Perhaps Mr Tillerson’s Pakistan visit before reaching India will give New Delhi a better idea of the state of play between the two countries. However, it cannot escape US policymakers that Washington is playing a weak hand in projecting its policies to the world, given the tenets of President Trump’s faith. President Trump has touted the “America First” philosophy and has signalled in various ways his desire to follow a circumscribed international policy. He withdrew from the Trans-Pacific Partnership, so elaborately built up by his predecessor, gave notice to leave the Paris climate agreement as well as Unesco, and is shaking his fists at the tripartite trade agreement with Canada and Mexico. These moves have enabled China to take a leadership role in freeing it of a potential anti-China trade alliance, and President Xi took pleasure in wearing the cloak of world leadership on warding off climate change. The new US thrust against China comes in the wake of the realisation that Beijing will look after its own interests, rather than pander to Mr Trump’s priorities.

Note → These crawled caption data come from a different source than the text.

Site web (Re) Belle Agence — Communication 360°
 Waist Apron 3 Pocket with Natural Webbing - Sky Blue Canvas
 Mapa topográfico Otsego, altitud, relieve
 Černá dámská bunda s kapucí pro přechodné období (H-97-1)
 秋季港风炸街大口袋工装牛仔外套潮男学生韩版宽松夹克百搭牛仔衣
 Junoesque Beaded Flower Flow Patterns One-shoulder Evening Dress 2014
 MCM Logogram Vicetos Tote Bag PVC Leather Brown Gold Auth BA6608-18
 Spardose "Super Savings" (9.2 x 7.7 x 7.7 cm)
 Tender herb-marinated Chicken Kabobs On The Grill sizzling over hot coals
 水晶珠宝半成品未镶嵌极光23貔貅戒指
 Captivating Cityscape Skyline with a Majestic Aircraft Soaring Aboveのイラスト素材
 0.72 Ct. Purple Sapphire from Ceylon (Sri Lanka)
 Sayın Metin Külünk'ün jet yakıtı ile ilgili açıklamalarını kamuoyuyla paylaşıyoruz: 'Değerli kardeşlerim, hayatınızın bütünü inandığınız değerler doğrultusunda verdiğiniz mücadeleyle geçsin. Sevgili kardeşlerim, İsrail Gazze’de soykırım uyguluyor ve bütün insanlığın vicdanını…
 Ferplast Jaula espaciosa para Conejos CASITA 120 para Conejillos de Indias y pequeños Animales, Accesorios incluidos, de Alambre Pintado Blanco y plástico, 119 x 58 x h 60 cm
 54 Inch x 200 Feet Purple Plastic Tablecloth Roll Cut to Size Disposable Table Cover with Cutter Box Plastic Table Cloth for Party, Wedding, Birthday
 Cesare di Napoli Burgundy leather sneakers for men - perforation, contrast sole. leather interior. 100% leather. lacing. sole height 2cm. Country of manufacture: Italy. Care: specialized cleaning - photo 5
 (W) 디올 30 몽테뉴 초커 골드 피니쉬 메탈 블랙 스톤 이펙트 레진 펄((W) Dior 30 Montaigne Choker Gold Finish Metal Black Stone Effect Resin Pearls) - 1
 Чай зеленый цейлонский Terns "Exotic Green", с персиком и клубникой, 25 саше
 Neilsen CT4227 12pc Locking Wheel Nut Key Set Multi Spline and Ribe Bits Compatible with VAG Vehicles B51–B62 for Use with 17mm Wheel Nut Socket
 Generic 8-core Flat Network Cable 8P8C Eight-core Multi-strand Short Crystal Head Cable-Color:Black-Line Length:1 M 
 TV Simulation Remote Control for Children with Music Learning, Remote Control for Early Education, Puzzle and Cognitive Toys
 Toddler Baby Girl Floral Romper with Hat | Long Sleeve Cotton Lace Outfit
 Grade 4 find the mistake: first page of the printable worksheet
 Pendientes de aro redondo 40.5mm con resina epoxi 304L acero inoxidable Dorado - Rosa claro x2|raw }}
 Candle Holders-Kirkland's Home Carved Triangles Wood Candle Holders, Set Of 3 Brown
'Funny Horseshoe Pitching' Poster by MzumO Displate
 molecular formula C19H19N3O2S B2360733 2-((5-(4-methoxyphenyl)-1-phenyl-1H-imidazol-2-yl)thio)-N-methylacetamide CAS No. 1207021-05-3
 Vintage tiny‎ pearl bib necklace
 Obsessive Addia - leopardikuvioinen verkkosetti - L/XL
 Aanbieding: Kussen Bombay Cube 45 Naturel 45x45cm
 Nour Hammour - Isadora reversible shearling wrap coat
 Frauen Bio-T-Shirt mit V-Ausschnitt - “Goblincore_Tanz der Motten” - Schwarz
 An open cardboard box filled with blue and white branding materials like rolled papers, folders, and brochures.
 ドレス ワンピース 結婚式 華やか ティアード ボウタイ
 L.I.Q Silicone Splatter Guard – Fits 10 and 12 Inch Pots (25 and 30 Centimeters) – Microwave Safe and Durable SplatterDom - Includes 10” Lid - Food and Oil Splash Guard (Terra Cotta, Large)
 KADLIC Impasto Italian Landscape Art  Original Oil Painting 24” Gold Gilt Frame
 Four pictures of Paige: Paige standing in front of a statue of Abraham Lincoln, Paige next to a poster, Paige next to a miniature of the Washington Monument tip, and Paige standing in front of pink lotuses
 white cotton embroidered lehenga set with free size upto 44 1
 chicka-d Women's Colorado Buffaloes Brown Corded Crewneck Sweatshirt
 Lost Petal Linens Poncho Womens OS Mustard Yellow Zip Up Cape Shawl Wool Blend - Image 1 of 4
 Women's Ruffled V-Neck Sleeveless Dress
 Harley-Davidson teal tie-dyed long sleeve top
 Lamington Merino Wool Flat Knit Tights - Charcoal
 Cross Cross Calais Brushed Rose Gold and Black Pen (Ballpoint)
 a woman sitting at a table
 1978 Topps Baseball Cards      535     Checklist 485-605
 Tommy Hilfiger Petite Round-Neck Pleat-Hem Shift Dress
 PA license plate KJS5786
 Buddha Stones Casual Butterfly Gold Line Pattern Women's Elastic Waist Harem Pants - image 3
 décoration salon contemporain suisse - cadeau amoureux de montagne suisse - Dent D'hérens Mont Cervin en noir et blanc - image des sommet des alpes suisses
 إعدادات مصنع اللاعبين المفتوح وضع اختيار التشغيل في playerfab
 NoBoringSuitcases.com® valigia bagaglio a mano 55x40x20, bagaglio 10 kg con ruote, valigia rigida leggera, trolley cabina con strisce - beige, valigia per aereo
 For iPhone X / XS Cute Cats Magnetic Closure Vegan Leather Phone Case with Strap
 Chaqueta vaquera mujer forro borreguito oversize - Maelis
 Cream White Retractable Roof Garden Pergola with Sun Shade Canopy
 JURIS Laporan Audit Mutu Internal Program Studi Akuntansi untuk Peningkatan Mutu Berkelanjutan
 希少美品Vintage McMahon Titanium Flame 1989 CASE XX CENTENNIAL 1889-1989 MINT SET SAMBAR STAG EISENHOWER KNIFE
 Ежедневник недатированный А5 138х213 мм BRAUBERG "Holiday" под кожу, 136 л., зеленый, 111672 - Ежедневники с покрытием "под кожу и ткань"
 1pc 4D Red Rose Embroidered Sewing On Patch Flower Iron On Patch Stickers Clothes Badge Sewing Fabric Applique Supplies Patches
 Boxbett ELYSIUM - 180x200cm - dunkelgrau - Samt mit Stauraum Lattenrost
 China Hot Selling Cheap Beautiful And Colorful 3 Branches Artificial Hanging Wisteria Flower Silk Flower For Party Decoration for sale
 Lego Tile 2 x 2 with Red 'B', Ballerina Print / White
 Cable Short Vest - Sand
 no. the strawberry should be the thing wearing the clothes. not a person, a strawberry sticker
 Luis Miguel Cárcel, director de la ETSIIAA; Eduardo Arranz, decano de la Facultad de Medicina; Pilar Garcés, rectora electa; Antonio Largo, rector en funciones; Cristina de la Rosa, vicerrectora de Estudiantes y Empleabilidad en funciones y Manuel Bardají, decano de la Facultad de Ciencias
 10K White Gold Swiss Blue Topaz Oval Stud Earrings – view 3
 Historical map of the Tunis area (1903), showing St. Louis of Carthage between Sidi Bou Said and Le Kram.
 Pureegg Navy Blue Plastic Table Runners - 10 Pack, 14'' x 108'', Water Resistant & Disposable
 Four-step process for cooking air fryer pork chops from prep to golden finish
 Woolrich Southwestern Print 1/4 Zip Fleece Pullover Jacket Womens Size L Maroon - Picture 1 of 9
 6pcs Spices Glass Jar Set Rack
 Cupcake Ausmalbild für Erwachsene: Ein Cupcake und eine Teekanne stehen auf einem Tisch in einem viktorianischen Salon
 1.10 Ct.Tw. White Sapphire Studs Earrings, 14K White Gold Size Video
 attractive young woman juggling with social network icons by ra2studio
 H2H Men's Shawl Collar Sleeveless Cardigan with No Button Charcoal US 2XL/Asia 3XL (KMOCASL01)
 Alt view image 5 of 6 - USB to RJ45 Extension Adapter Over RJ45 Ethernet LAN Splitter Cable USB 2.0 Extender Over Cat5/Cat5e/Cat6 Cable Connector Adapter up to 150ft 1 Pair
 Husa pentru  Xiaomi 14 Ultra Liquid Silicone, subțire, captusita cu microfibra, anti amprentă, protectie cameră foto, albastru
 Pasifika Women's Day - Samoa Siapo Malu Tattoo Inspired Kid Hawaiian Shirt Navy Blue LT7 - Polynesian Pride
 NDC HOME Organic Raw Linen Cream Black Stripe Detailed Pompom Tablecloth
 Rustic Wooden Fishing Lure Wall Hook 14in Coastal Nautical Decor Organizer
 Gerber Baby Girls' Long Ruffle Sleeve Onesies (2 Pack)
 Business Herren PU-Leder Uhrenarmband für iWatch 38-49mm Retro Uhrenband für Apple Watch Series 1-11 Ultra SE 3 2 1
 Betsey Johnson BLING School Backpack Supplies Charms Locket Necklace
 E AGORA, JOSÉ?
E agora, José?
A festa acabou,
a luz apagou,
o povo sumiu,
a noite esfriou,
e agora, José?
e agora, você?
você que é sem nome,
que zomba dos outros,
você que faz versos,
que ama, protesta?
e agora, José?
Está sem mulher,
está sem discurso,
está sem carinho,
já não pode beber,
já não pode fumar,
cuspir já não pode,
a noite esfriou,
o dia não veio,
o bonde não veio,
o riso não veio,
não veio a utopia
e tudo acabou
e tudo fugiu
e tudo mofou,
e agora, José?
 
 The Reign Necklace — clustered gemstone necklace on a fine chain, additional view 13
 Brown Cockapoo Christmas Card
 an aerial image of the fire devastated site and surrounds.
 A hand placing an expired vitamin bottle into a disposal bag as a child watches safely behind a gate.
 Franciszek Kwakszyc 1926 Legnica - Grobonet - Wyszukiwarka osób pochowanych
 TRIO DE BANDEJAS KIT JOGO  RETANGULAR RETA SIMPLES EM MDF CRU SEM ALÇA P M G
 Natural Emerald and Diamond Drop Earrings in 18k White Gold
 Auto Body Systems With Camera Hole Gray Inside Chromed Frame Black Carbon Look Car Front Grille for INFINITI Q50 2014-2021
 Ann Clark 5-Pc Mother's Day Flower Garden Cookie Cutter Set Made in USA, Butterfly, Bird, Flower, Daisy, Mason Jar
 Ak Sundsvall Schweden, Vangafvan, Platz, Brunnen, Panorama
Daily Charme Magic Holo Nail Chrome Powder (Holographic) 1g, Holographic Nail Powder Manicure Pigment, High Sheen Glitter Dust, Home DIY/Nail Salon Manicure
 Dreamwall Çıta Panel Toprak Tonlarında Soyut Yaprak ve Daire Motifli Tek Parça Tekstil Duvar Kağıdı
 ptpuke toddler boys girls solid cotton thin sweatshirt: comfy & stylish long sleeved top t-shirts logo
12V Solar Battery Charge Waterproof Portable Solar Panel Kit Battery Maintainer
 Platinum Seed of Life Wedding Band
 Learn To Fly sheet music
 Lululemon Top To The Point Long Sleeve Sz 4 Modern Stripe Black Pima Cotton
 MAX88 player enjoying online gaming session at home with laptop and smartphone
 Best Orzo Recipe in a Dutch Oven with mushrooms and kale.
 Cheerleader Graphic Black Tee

There was a time not long ago when Mr Trump hosted Mr Xi at his Florida resort more as a pupil learning the game of geopolitics than a meeting of equals. The US President’s foolish hope was that, given the nature of the Beijing-Pyongyang relationship, Mr Xi would help Washington with disciplining North Korea on its nuclear programme. Mr Trump was to be deeply disappointed and resorted to the extravagant rhetoric of “sound and fury” against North Korea. China did in the end make symbolic gestures, that have not reduced the American dilemma of there being few viable alternatives to North Korean leader Kim Jong-un’s determination to perfect nuclear weapons and their missile launchers. Given these circumstances, it is still useful for India and the US to hold a strategic dialogue with Mr Tillerson in New Delhi.